Writing controller tests gives your application permission to lie to you. Some reasons:
controller tests are not executed in the environment they are run in. i.e. they are not at the end of a rack middleware stack, so things like users are not available when using devise (as a single, simple example). As Rails moves more to a rack based setup, more rack middlewares are used, and your environment deviates increasingly from the 'unit' behaviour.
You're not testing the behaviour of your application, you're testing the implementation. By mocking and stubbing your way through, you're re-implementing implementation in spec form. One easy way to tell if you're doing this; if you don't change the expected behaviour of url response, but do change the implementation of the controller (maybe even map to a different controller), do your tests break?

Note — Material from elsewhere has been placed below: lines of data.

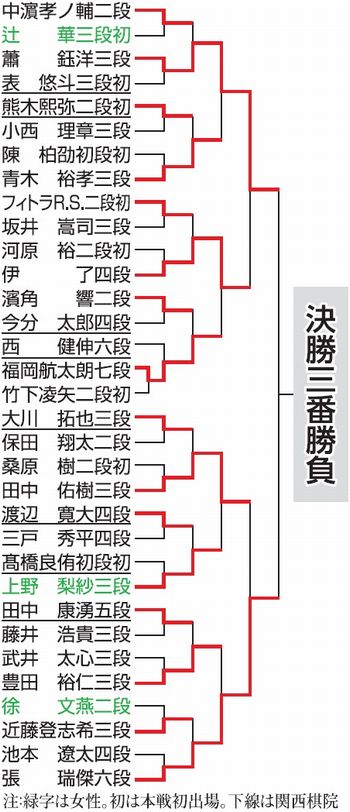 第50期囲碁新人王戦/9月1日から決勝三番勝負/絶好調の二人が対決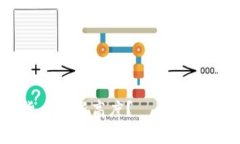 如何將Grin推向加密貨幣的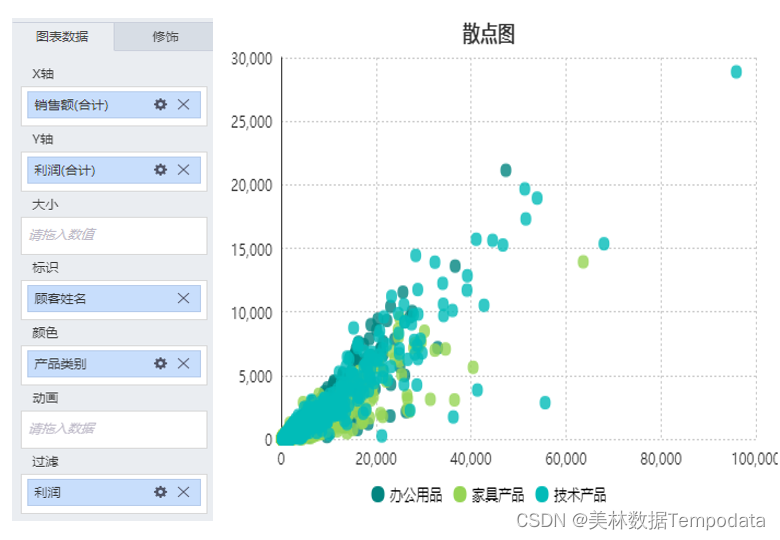 iOS 柱状图折线图饼图 柱状图折线图饼图分别_iOS 柱状图折线图饼图_10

If they do, you're testing implementation not behaviour. You're also setting your self up to be lied to. When you stub and mock, there's no assurances that the mocks or stubs you've setup do what you think they do, or even if the methods they're pretending to be exists after refactoring occurs.
Calling controller methods is impossible via your applications 'public' api. The only way to get to a controller is via the stack, and the route. If you can't break it from a request via a url, is it really broken?
I use my tests as an assurance the my application is not going to break when I deploy it. Controller tests add nothing to my confidence that my application is indeed functional, and actually their presence decreases my confidence.
One other example, when testing your 'behaviour' of your application, do you care that a particular file template was rendered, or that a certain exception was raised, or instead is the behaviour of your application to return some stuff to the client with a particular status code?
Testing controllers (or views) increases the burden of tests that you impose on yourself, and means that the cost of refactoring is higher than it needs to be because of the potential to break tests.
Should you test? yes
There are gems that make testing controllers faster
http://blog.carbonfive.com/2010/12/10/speedy-test-iterations-for-rails-3-with-spork-and-guard/
Definitely test the controller. A few painfully learned rules of thumb:
mock out model objects
stub model object methods that your controller action uses
sacrifice lots of chickens.
I like to have a test on every controller method at least just to eliminate stupid syntax errors that may cause the page to blow up.
A lot of people seem to be moving towards the approach of using Cucumber for integration testing in place of writing controller and routing tests.